4. Le « tax shift » fédéral réduit les accises sur l’électricité. La CREG estime que le prix de l’électricité baissera ainsi d’environ -1,1 centime/kWh d’ici 2029. Le gaz deviendra plus cher, car ce même « tax shift » augmente les accises sur le gaz naturel: +0,4 centime/kWh de gaz d’ici 2029. Il convient de noter que ce calcul ne tient pas compte du « tax shift » flamand prévu à partir de 2028 – qui entraînera une baisse encore plus importante du prix de l’électricité par rapport à celui du gaz naturel.

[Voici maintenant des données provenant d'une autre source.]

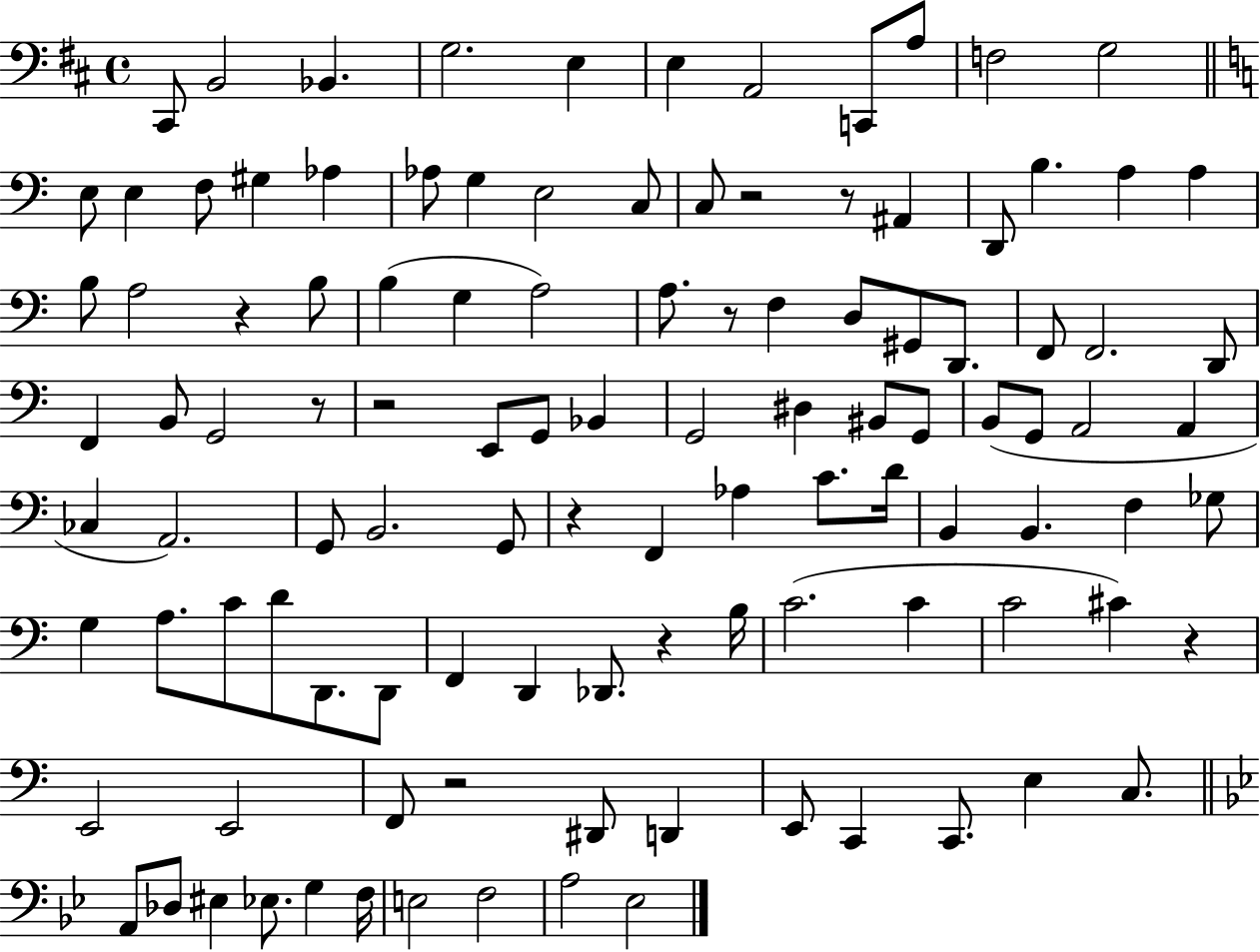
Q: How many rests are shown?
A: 10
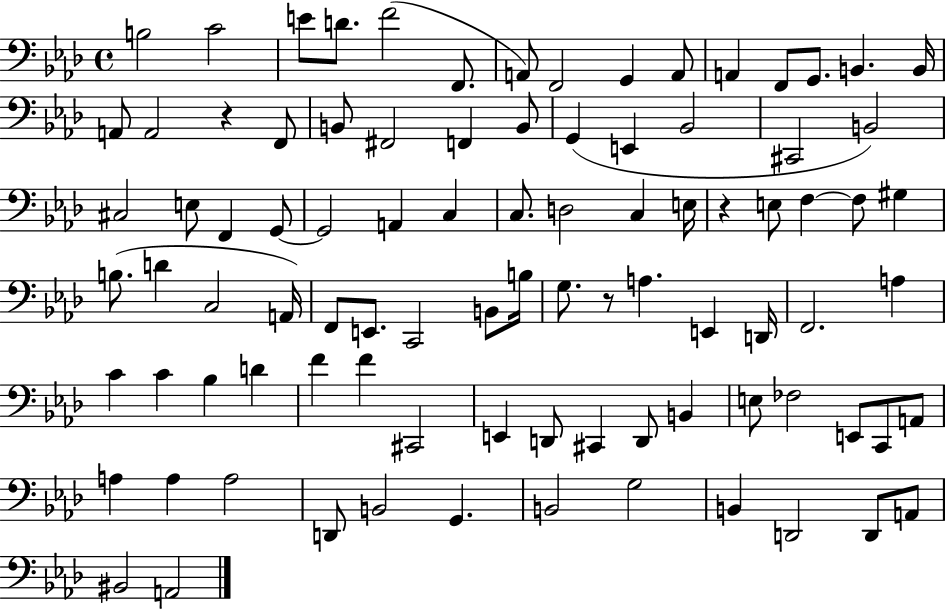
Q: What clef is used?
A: bass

5. La mise en place de l’ETS2 est déterminante pour la rentabilité des pompes à chaleur air-eau. On s’attend à ce que les prix du gaz et du fioul augmentent d’ici 2029 à tel point que les pompes à chaleur deviendront, dans de nombreux cas, plus rentables que le chauffage au gaz naturel. Le prix du gaz augmentera d’environ +1,5 centime/kWh avec un prix ETS2 de 60 euros/tonne de CO₂ et de +2,9 centimes/kWh avec un prix ETS2 de 120 euros/tonne de CO₂.
Tableau 2: Impact du transfert fiscal fédéral et des différentes valeurs de l’ETS2 sur le prix de l’électricité et du gaz, sur la facture totale de chauffage et sur le rapport de prix effectif
6. L'analyse de rentabilité d'une pompe à chaleur devient nettement plus intéressante pour les clients disposant:
- gaz naturel
- d'une forte demande de chaleur (> 12.000 à 17.000 kWh)

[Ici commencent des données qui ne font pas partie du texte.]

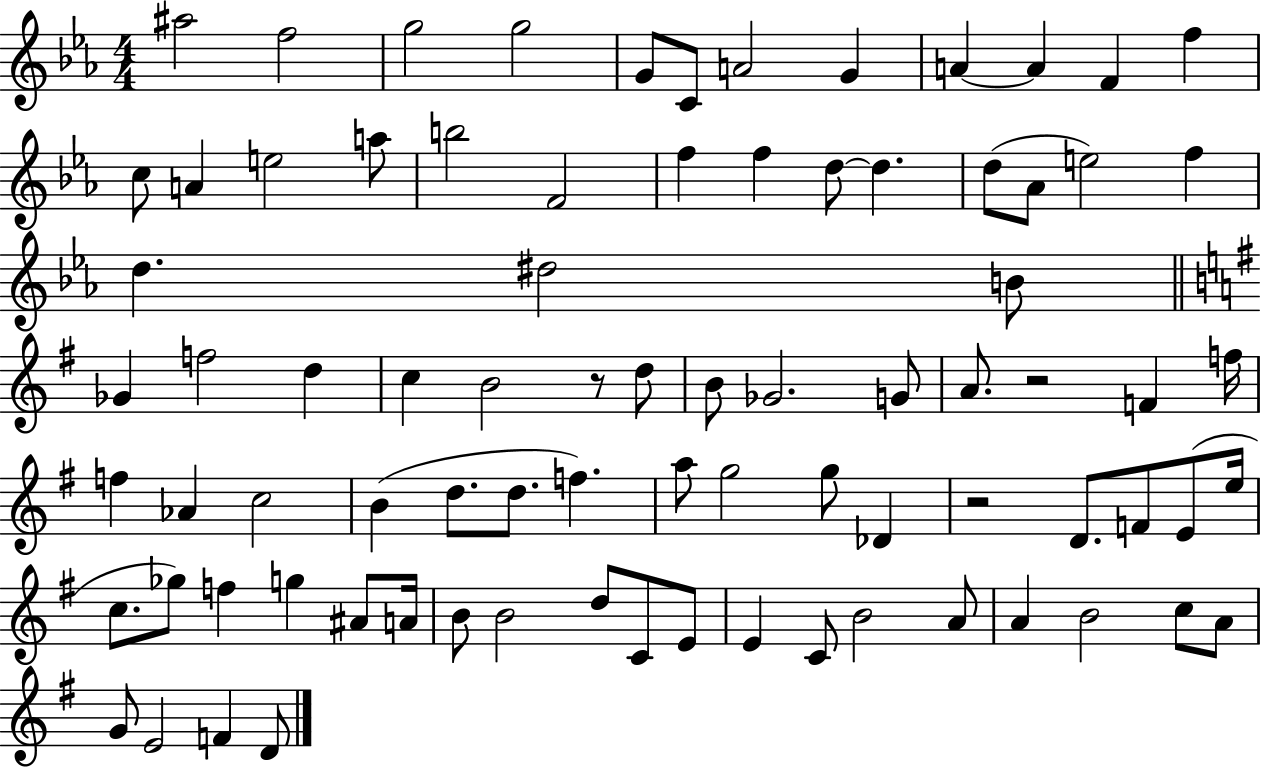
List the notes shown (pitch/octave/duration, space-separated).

A#5/h F5/h G5/h G5/h G4/e C4/e A4/h G4/q A4/q A4/q F4/q F5/q C5/e A4/q E5/h A5/e B5/h F4/h F5/q F5/q D5/e D5/q. D5/e Ab4/e E5/h F5/q D5/q. D#5/h B4/e Gb4/q F5/h D5/q C5/q B4/h R/e D5/e B4/e Gb4/h. G4/e A4/e. R/h F4/q F5/s F5/q Ab4/q C5/h B4/q D5/e. D5/e. F5/q. A5/e G5/h G5/e Db4/q R/h D4/e. F4/e E4/e E5/s C5/e. Gb5/e F5/q G5/q A#4/e A4/s B4/e B4/h D5/e C4/e E4/e E4/q C4/e B4/h A4/e A4/q B4/h C5/e A4/e G4/e E4/h F4/q D4/e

- d’un chauffage au sol ou de radiateurs suffisamment dimensionnés permettant des températures de départ basses
- une installation atteignant un SCOP d'au moins 3,5
En d’autres termes, cela signifie que la prochaine génération d’installateurs devra se démarquer par la mise en service et l’optimisation professionnelles des installations, et non par la simple pose d’appareils
7. Les performances (SCOP) sont la clé. Une pompe à chaleur avec un SCOP de 3,6 est nettement plus intéressante sur le plan économique que le même appareil avec un SCOP de 2,9. Une installation bien conçue et bien réglée fait la différence entre une installation rentable et une installation non rentable. Dans son étude, la CREG fait référence à des mesures pratiques qui montrent qu’une pompe à chaleur correctement conçue et réglée dans une habitation moins bien isolée peut parfois atteindre un SCOP plus élevé qu’une installation mal réglée dans une habitation mieux isolée.
8. Le rôle de l’installateur est crucial, car les performances réelles s’avèrent régulièrement inférieures aux valeurs théoriques indiquées par le fabricant. Les causes en sont les suivantes:
– une température de départ trop élevée
– une courbe de chauffage inadaptée
– un nombre excessif de démarrages/arrêts
– un chauffage d’appoint électrique qui se déclenche trop souvent
– un mauvais dimensionnement
– mauvaise régulation de l'eau chaude sanitaire
En d’autres termes, cela signifie que la prochaine génération d’installateurs devra se démarquer par la mise en service et l’optimisation professionnelles des installations, et non par la simple pose d’appareils.